This document describes a critical bug in our system which we were alerted to on February 2nd, 2022. It also details our response, lessons learned, and subsequent changes to our processes.
A vulnerability in Optimism’s fork of Geth (which we refer to as L2Geth) was reported to us by Jay Freeman (AKA saurik) on February 2nd, 2022. If exploited, this vulnerability would allow anyone to mint an unbounded amount of ETH on Optimism.
We confirmed the issue, implemented a fix, and upgraded our infrastructure within 3 hours. We then alerted infrastructure providers running Optimism, as well as other network operators who are using a fork of our software.
All parties were running a patched version of L2Geth within 32 hours of the initial report.
saurik had been engaging with our code, and opening issues for several months prior to identifying this bug.
We launched our Immunefi-hosted bug bounty program on January 13th, 2022, slightly more than 2 weeks before his report. The maximum payout for the program was $2,000,042. According to saurik, his decision to hunt for bugs in our code had two motivations. One was the financial reward, the other was needing a topic to speak about at the upcoming ETHDenver conference.
Contract balances were improperly zeroed during self-destruction, so that the contract address would still have a balance after it had been self-destructed. This could have enabled an attacker to run a loop which doubled the balance of a contract each time, resulting in massive inflation and issuance directly to the attacker.
A thorough description can be found in saurik's writeup.
The issue was not exploited, so there was no impact to ordinary users. However, the issue required node operators to update as quickly as possible. Infrastructure providers were especially impacted, since they had to roll out an emergency patch version.
Jay Freeman (a.k.a. saurik) reported the bug to us via [email protected]. He first attempted to report via our Immunefi bounty program, but decided to email us since it does not explicitly include our L2Geth code.
The recovery process was executed by a small subset of the team in a private slack channel. The timeline and activities were as follows:
(Using github handles as identifiers)
- 2022-02-02 1625: smartcontracts receives an e-mail from saurik claiming to have found a critical issue in L2Geth. E-mail was sent to securityoptimism.io.
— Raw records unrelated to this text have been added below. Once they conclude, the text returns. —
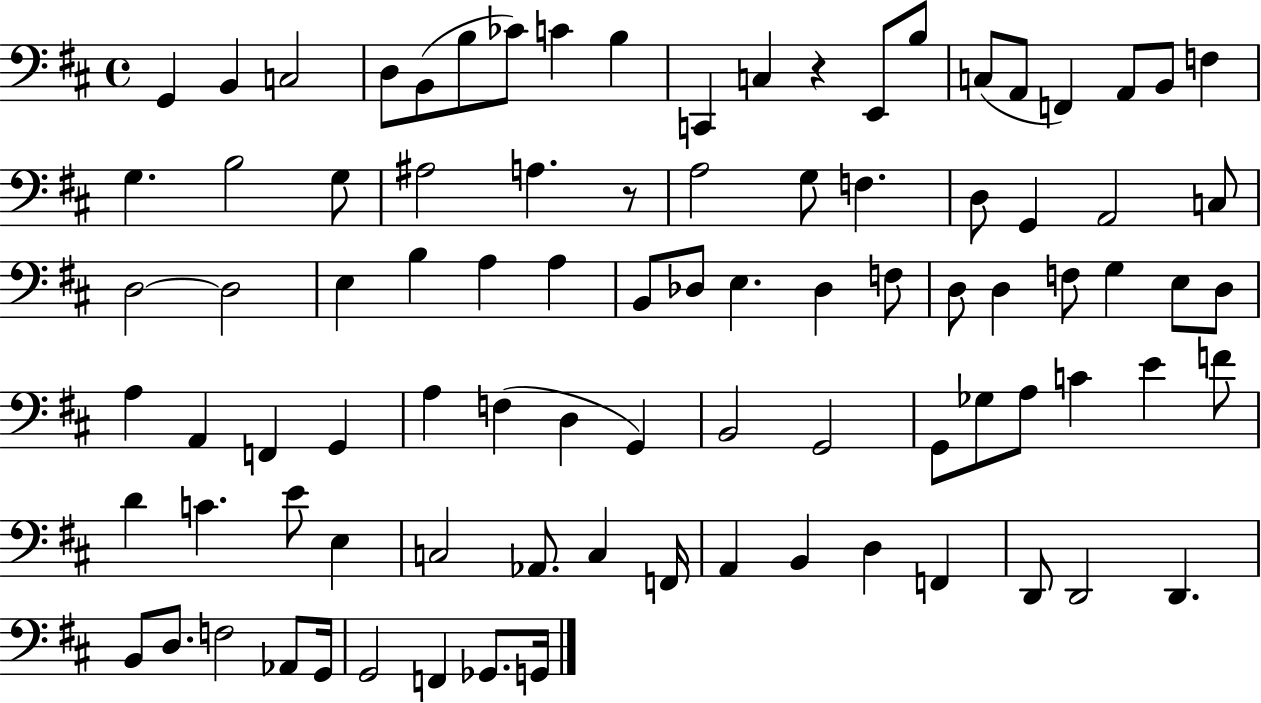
{
  \clef bass
  \time 4/4
  \defaultTimeSignature
  \key d \major
  g,4 b,4 c2 | d8 b,8( b8 ces'8) c'4 b4 | c,4 c4 r4 e,8 b8 | c8( a,8 f,4) a,8 b,8 f4 | \break g4. b2 g8 | ais2 a4. r8 | a2 g8 f4. | d8 g,4 a,2 c8 | \break d2~~ d2 | e4 b4 a4 a4 | b,8 des8 e4. des4 f8 | d8 d4 f8 g4 e8 d8 | \break a4 a,4 f,4 g,4 | a4 f4( d4 g,4) | b,2 g,2 | g,8 ges8 a8 c'4 e'4 f'8 | \break d'4 c'4. e'8 e4 | c2 aes,8. c4 f,16 | a,4 b,4 d4 f,4 | d,8 d,2 d,4. | \break b,8 d8. f2 aes,8 g,16 | g,2 f,4 ges,8. g,16 | \bar "|."
}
- 2022-02-02 X: saurik messaged smartcontracts on Discord to make sure we checked the e-mail since he knew we had a prior problem where security advisories went to spam.
- 2022-02-02 1650: Huddle begins in #security on Slack.
- 2022-02-02 1758: tynes and smartcontracts confirm the issue on the huddle.
- 2022-02-02 1812: mslipper joins the huddle and alerts infrastructure providers that there is a live security issue and that an emergency update will be required.
- 2022-02-02 1906: tynes cuts the following builds:
- Mainnet:
0.5.8_b6f79171
- Kovan:
0.5.9_d4c6d824
- Mainnet:
- 2022-02-20 1930: optimisticben deploys to Kovan and mainnet.
- 2022-02-02 2021: mslipper gives instructions to infra providers on how to upgrade.
- 2022-02-02 2150: Infura upgrades both Kovan and mainnet.
- 2022-02-03 0457: Alchemy upgrades both Kovan and mainnet.
- 2022-02-03 2309: Quicknode upgrades mainnet.
- 2022-02-03 1432: Quicknode upgrades Kovan.
- 2022-02-03 1945: smartcontracts alerts Boba.
- 2022-02-03 2300: Boba patches mainnet.
- 2022-02-03 2300: smartcontracts alerts Metis. They patched mainnet at sometime overnight.
- 2022-02-04 1617: smartcontracts opens PR #2146, which we will use to sneak in the fix without publicly disclosing it.
- 2022-02-06 0250: mslipper merges the finalized patch into PR #2146 after testing, and cuts the
release of L2Geth version
0.5.11
.
The
fix
itself is only 3 lines long, it ensures that when the SELFDESTRUCT
operation is called in an
account, its balance (in OVM_ETH) is also immediately set to zero.
In this section we outline the lessons learned, and how our processes have changed or will change as a result. These lessons are the product of an internal retrospective, as well as many informal discussions which have occurred since the incident.
This bug was (obviously) not caught by our code review process. Naturally we want to understand why that is, by looking at the PR that introduced it, and the organization context of the time.
It was introduced in PR #1363, on 2021-07-20, and merged 3 days later. It includes changes to 21 files, (14 in L2Geth code, 6 in test files). The diff added 217 lines, and removed 149 lines.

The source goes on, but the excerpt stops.